Investors are terrified by the 'Third Wave' of the financial crisis
First, the good bits: Aberdeen's revenue is up 5% to £1.16 billion ($1.74 billion), underlying profit is up £1.3 million ($1.95 million) to £491.6 million ($739.1 million), and dividend raised by 0.75p to 12p.
But there's a glaring red mark on Aberdeen's homework - assets under management fell by almost 10% to £283.7 billion ($426.5 billion), "reflecting negative sentiment towards Emerging Markets."
The money manager had clients pull a whopping £33.9 billion ($50.9 billion) out of accounts in the year and the main reason was a growing fear that emerging markets are about to go down the toilet, fast. HSBC and Goldman Sachs are among the banks sounding off the most high-profile warnings.
It's not just Aberdeen feeling the pain. The company says that for the equities business, the final three months of the year were "the worst quarter for outflows from this asset class since the global financial crisis" across the industry.
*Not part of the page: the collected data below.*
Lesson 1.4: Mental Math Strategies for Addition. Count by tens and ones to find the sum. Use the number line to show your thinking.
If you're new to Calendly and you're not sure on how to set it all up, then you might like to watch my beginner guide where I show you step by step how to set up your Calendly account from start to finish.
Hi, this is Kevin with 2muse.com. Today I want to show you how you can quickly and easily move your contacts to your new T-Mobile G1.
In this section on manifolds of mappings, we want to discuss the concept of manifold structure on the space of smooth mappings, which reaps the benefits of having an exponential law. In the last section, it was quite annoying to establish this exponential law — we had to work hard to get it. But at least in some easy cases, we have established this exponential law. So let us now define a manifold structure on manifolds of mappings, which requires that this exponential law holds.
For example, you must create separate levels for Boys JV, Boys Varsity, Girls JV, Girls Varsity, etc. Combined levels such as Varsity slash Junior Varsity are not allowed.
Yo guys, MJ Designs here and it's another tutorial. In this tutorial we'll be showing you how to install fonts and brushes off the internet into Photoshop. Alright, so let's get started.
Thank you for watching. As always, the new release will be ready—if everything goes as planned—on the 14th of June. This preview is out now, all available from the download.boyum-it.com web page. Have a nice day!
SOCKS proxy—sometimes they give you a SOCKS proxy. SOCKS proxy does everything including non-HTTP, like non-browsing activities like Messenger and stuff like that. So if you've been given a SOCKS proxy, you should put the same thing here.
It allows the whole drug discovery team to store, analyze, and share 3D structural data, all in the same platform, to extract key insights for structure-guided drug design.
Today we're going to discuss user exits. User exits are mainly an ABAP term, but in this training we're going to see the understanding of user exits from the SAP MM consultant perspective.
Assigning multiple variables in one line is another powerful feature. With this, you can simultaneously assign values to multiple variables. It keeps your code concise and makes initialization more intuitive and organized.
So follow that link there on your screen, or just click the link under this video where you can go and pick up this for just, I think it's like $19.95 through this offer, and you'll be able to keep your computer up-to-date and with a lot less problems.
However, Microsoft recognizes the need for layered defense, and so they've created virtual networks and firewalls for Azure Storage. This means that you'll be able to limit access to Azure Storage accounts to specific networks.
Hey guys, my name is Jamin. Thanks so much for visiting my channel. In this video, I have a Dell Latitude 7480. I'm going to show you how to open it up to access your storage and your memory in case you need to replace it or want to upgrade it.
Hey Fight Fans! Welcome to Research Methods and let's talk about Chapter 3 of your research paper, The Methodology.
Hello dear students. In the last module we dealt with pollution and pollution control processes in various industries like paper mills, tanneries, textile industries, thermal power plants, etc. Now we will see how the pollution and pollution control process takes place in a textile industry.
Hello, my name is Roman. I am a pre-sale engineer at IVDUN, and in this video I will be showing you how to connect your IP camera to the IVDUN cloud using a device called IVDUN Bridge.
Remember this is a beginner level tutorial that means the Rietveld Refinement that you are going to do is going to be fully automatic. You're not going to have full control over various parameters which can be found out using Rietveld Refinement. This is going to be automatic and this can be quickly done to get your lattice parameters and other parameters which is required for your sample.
That's a huge, flashing warning signal.
Investors have had jitters about Chinese growth figures for a while now and the country's "Black Monday" stock market crash over summer sent many running to the hills. More mixed economic data from the powerhouse since hasn't helped things.
A Chinese slowdown has knock-on effects for other emerging markets given just how much raw material China has hoovered up over the years. Its voracious appetite has helped support plenty of economies.
Meanwhile, the private sector in many emerging markets has been bingeing on credit for the last decade, while corporations in the western world have been slowing down their debt accumulation, or even deleveraging.
That's led to what HSBC has called a "toxic mix" of debt and low growth in emerging markets. Goldman Sachs' recently dubbed the cocktail the "third wave" of the financial crisis, driven by China's shifting economy.
Asia is normally a bright spot for Aberdeen and the company is still bullish despite the slowdown, calling it a "a cyclical correction."
CEO Martin Gilbert says in today's statement: "While we believe the current weakness may have some way to run, the long-term fundamental attractions of investing in these high-growth economies remain compelling for patient investors."
Despite this, Aberdeen is touting its three-pronged strategy for navigating the short-term pain associated with being long emerging markets. The company is diversifying its business, hoarding cash to strengthening its balance sheet, and cutting costs.